The FE Part comes in two basic flavours, a 3D formulation and a 2D formulation. The 2D formulation defines a two-dimensional representation of the beam that can move, stretch and bend parallel to the plane that you specify. The 3D formulation, as you can guess, is a fully non-linear representation of the beam that you specify in all three dimensions. For the 3D formulation the FE part can account for not only stretching and bending, as with the 2D formulation, but also shear and torsion.
So how do you create an FE part?
The steps below, on how to create a flexible beam in Adams, are illustrated in this short video tutorial:
The FE Part icon can be found under the Bodies tab in ADAMS View in the Flexible Bodies section.
Once you click on what appears to be a three-dimensional S icon, the FE Part GUI opens up. This GUI will guide you through three steps in order to generate your FE Part.
First up is the Formulation step. Here you can define your part’s name, material, damping ratios and whether you want the 2D or 3D formulation.
The next step is the Centerline step. As the name suggests, in this step you will define the centerline of your FE-Part. Adams presents you with two options on how to define the centerline. You can either use an existing curve, or you can generate a line by selecting the start and end points.
The third and final step is the Nodes step. During this step you will define your beam section and orientation.

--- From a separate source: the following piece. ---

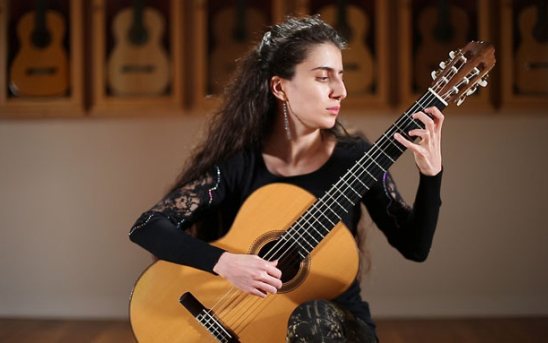 Lilit Mardiyan - Tarrega Gran Jota (1998 Paco Santiago Marin)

If you right-click in a section cell, you can select an existing section, or generate a new one. If you generate a new section a window will open up where you can choose what type of beam section you want to define. There are various options to choose from, ranging from solid round through to an I-beam section. However if these section are not suitable for you there is the Properties section type and the Generic section type. When you choose the Properties section type you are required to enter the cross sectional area of your beam section, as well as its moments of inertia. The Generic section type gives you the opportunity to define your section profile in Adams using coordinates that you can either enter manually or import from a text file. Adams will then use this profile to calculate the required properties.
In order to load the FE Part you can make use of the FE Load. This load was added to Adams specifically for the FE Part and allows you to apply a distributed load, force or moment, along the FE Part’s centerline.